### [INSTRUCTIONS TO FOLLOW]
In the data below, restate exactly the lines from the one with "Sedačka / sedací" to the final line, both included, but not the pictures.

(SUPPLIED RECORDS begins)

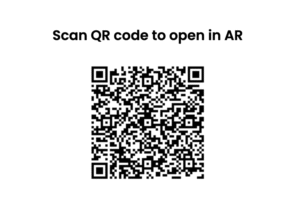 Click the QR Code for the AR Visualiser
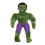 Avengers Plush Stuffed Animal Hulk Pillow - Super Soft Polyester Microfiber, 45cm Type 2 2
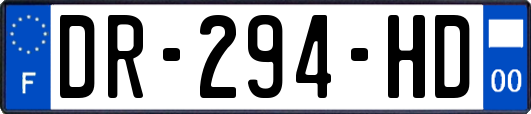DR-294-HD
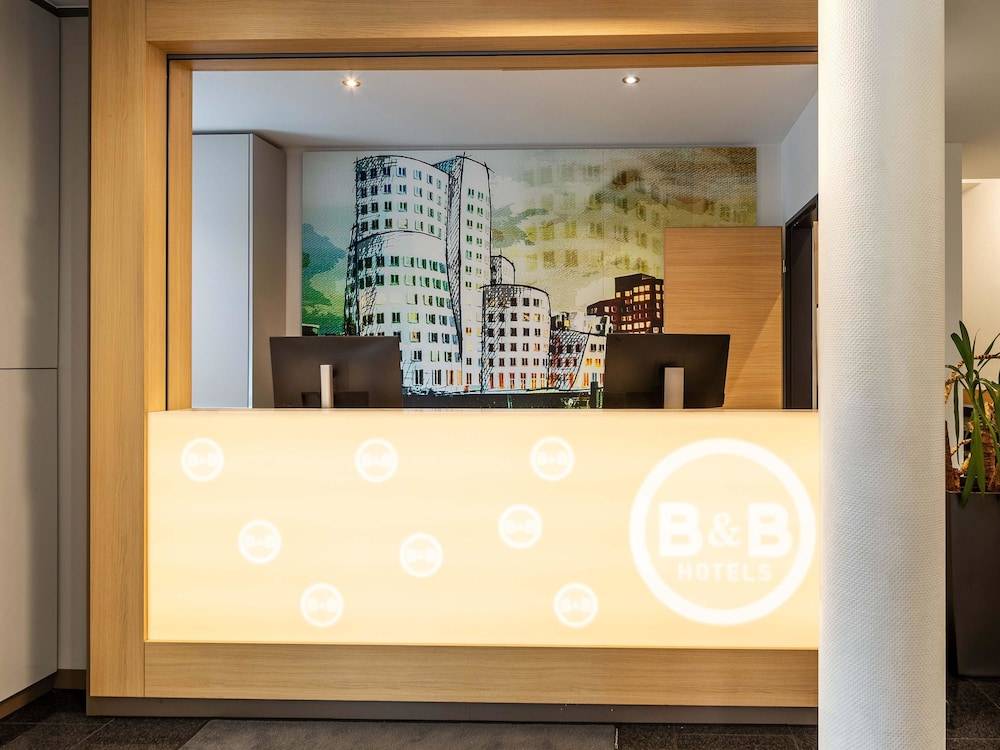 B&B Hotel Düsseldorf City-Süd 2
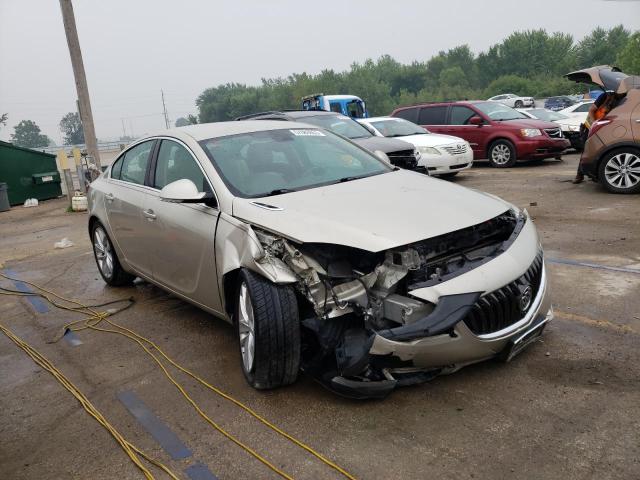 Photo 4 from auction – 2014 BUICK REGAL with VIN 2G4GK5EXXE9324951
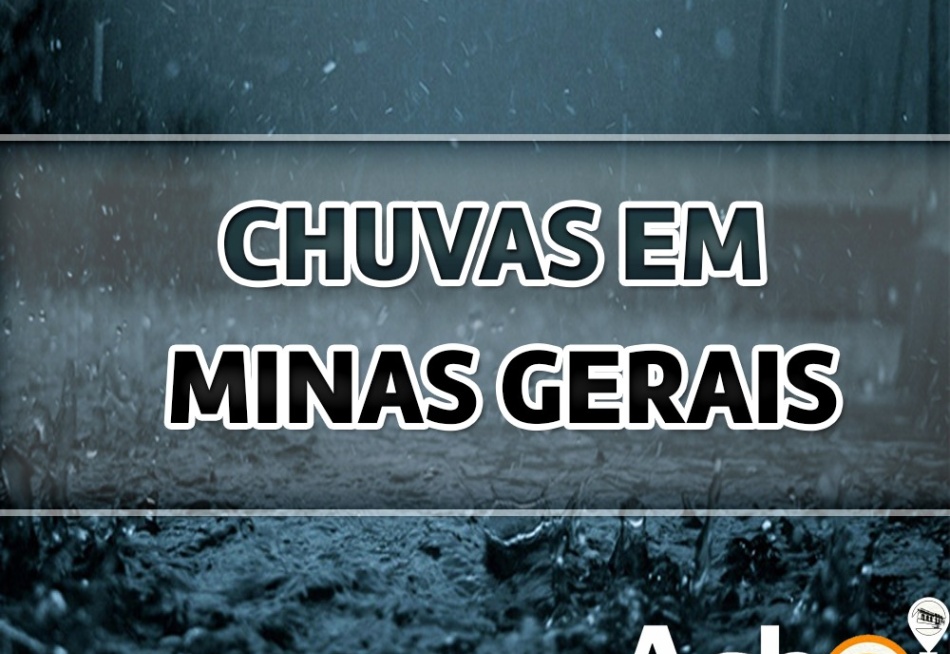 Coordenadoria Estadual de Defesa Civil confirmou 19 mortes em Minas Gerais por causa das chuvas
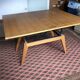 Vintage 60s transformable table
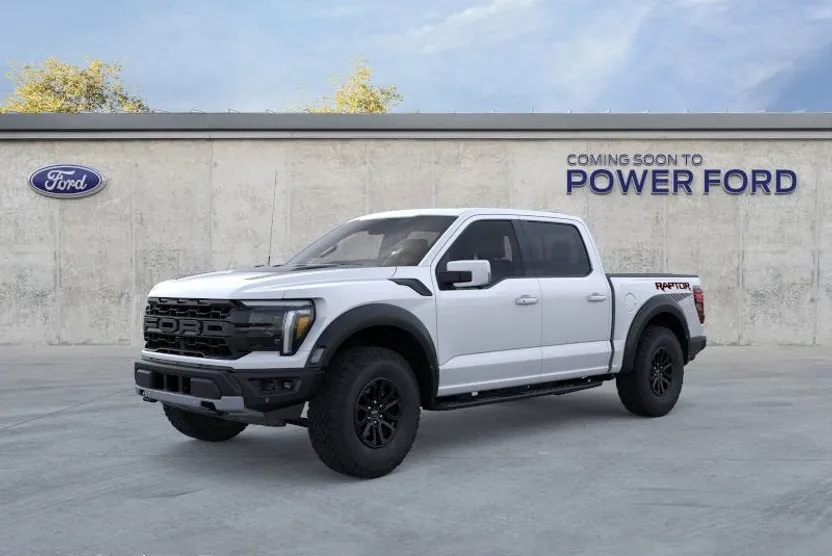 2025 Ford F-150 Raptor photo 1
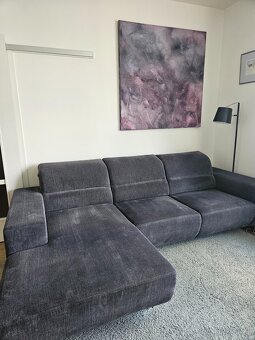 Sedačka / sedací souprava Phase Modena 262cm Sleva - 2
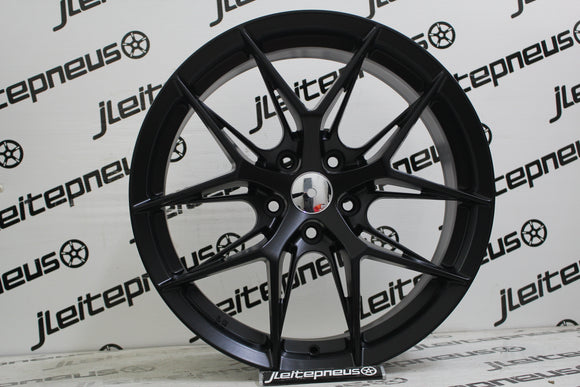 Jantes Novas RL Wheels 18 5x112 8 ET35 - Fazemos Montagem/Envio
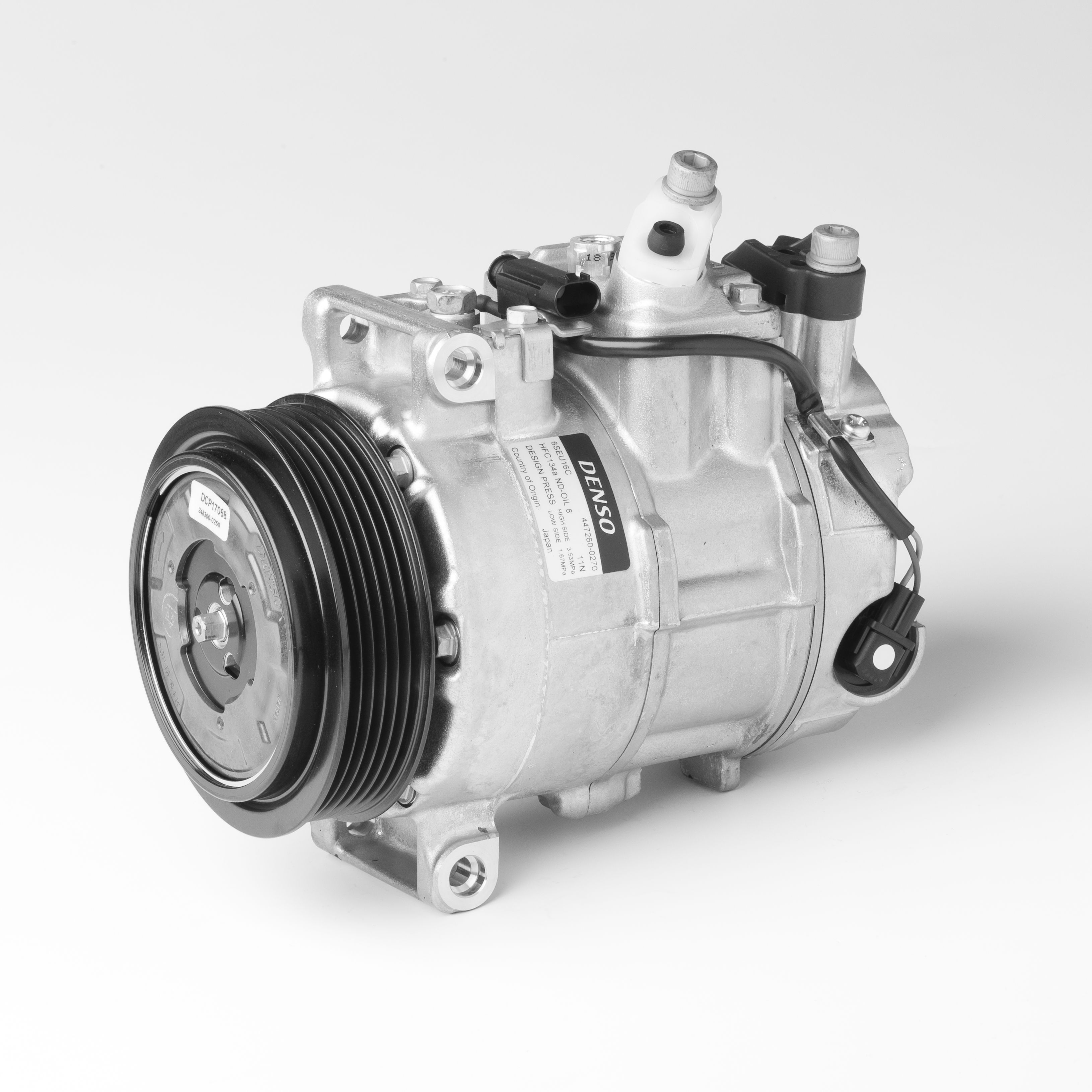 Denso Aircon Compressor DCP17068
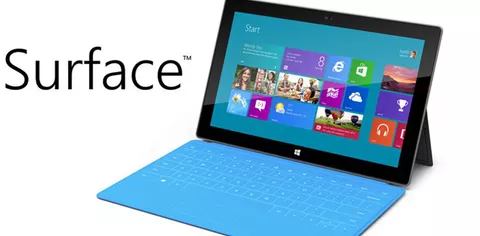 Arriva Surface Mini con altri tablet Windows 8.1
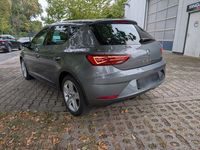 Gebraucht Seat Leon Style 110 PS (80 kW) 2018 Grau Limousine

(SUPPLIED RECORDS ends)

### [FINAL ANSWER]
 Sedačka / sedací souprava Phase Modena 262cm Sleva - 2
 Jantes Novas RL Wheels 18 5x112 8 ET35 - Fazemos Montagem/Envio
 Denso Aircon Compressor DCP17068
 Arriva Surface Mini con altri tablet Windows 8.1
 Gebraucht Seat Leon Style 110 PS (80 kW) 2018 Grau Limousine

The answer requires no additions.